KCK Yürütme Komitesi Üyesi Murat Karayılan ANF’nin sorularını yanıtladı.

ANF’de yer alan Murat Karayılan söyleşisi şöyle:

Bir süredir Kürdistan halkı, Lice halkının öncülüğünde, Türk devleti tarafından yapımı devam ettirilen karakol, kalekol, askeri amaçlı yol ve barajlara karşı bir eylemsellik süreci başlatmış durumda. Bu kapsamda özellikle Amed-Bingöl yolu günlerce kapalı kaldığı gibi, devletin saldırılarında 3 yurtsever Kürt genci yaşamını yitirdi. Önceki gün de Adana’da İbrahim Aras isimli gencin yaşamını yitirdiği haberi geldi. Bir yandan demokratik çözüm süreci denilen bir süreç yaşanıyorken, diğer taraftan ise direniş ve ölümlerin yaşanmasının nedeni nedir? Kürt sorunu demokratik-barışçıl yollarla çözülemiyor mu?

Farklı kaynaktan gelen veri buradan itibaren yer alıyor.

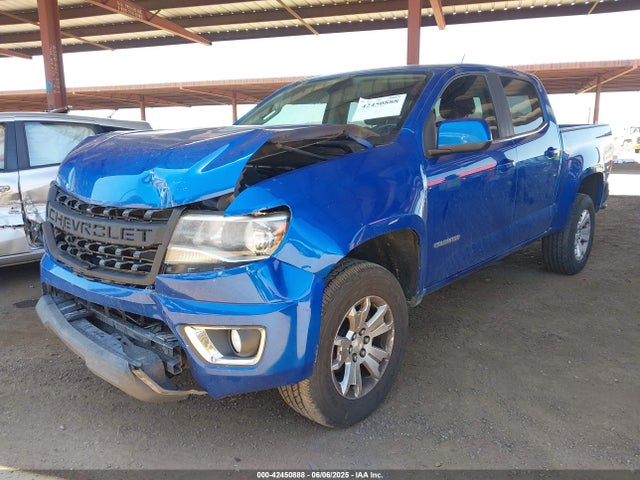 1GCGSCEN2K1105246 Chevrolet lg2 - di: direct injection, vvt: variable valve timing, alum, var2, gen2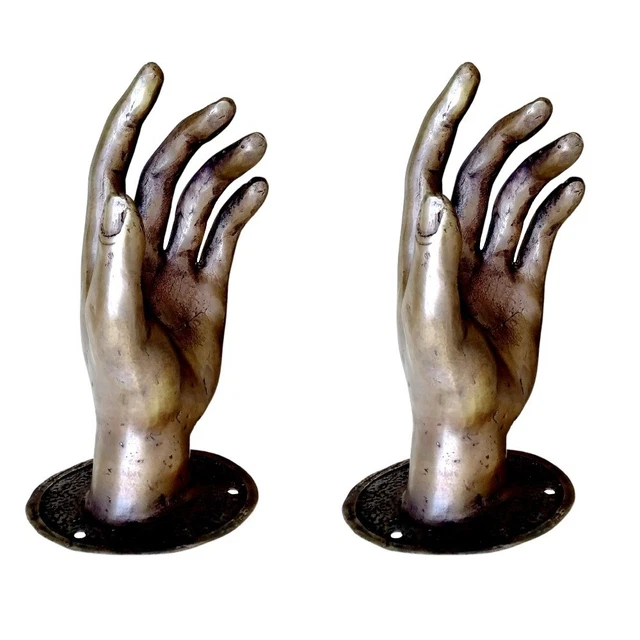 Hardware Door Handle Pull Door Knob Door Hanger Wall Hook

Bu konu çok önemlidir. Hem tüm yapımız ve halkımız tarafından, hem de özellikle Türk devleti tarafından doğru anlaşılması açısından hayati derecededir. Çünkü süreç gerçekten çok hassas, kritik bir aşamaya gelmiş bulunuyor. Önümüzdeki 1-2 haftada sürecin rengi netleşecektir. ‘Gerçekten süreç bir çözüme doğru evrilecek ve çözüm yolunda ilerleme mi kaydedecek, yoksa bu süreç tümüyle son bulup yeni, farklı ve kapsamlı bir direniş süreci mi başlayacak’ noktasında bir netleşmenin yaşanacağı günlerde bulunuyoruz. Bu açıdan bu, hakikaten önemli ve ciddi bir konudur ve bütün ilgili kesimlerin bu konuya büyük bir ciddiyetle yaklaşması gerekmektedir.

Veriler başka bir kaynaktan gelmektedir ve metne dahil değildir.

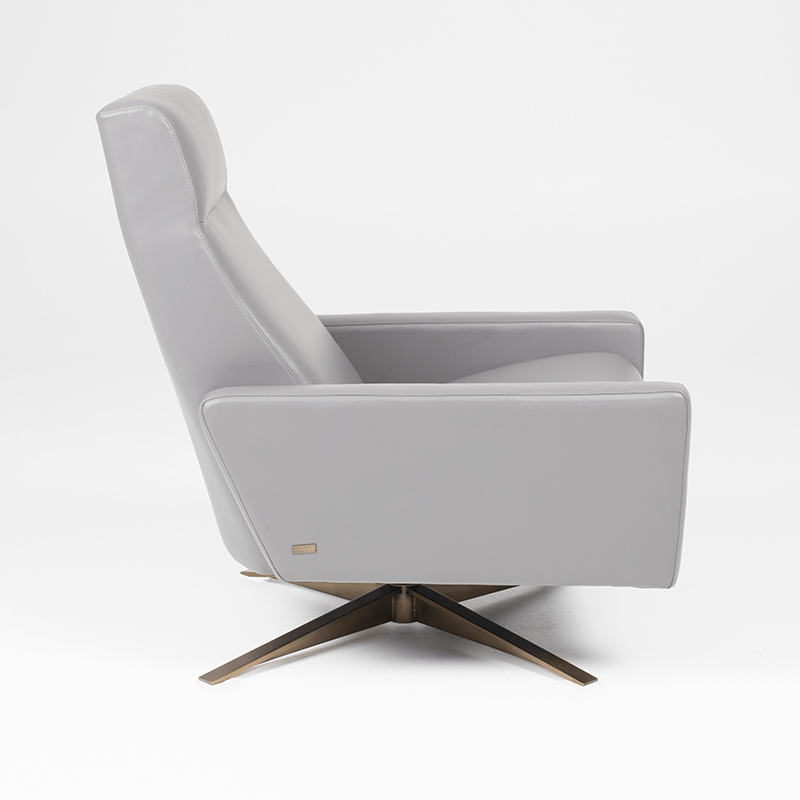 recliner_CLOU(3)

Esas olarak 2012 yılında mücadelemizin gelişme kaydettiği, Türk devleti ve AKP’nin ise hem PKK politikasında çıkmazı ve başarısızlığı yaşadığı, hem de Suriye politikasının çöktüğü, dolayısıyla daralmayı yaşadığı bir dönemde biz fırsatçı yaklaşmadık, çözüm için önemli adımlar attık. Önder Apo’nun tarihi Newroz deklarasyonunu yayınlamasıyla birlikte, sürece gerçekten büyük bir samimiyet ve ciddiyetle yaklaştık. Kolay kolay alınamayacak kararlar aldık. Ateşkes ve geri çekilme kararları aldık ve bunun pratikleştirilme sürecini hızla devreye koyduk. Ama bunun karşısında AKP hükümetinden hiçbir çözümleyici adım gelişmedi. Önder Apo’ya yazdığımız ve ateşkesi uygulamayı kabul ettiğimizi bildiren 8 Mart 2013 tarihli mektupta bir kaç şart koşmuştuk. Bu şartlardan birincisi, ateşkes sürecinde karakolların ve askeri amaçlı yol ile barajların yapılmamasıydı. Bunu Türk devletinin yetkilileri de okudu; biliyorlar. Ardından 25 Nisan tarihinde bizzat yaptığım bir basın toplantısında da bunları açıkça ifade etmiştim. Bu açıklamada sürecin üç aşamadan oluştuğunu da kamuoyuna açıkladık. Bu, esas itibarıyla Önderliğimizin devlete ve bize yazdığı mektupta çizilen çerçeveydi. Bu çerçeveye hiç kimse karşı çıkmadı. Kısaca sürecin üç aşamadan oluştuğunu ve her aşamada tarafların görevleri olduğunu ifade eden perspektifi herkes kabul etti. Bu çerçeveye göre biz, birinci aşamada üzerimize düşeni yaptık ve geri çekilmeyi başlattık. Ancak süreç, peşi sıra gelmesi gereken yasal ve anayasal düzenlemelerin yapılması aşamasına takılı kaldı ve bu durum günümüze kadar sürdü. Yani halen birinci aşamadan ikinci aşamaya geçiş noktasındayız. İkinci aşamaya geçiş için atılması gereken ön adımlar atılmadığı için halen orada duran bir süreç söz konusudur.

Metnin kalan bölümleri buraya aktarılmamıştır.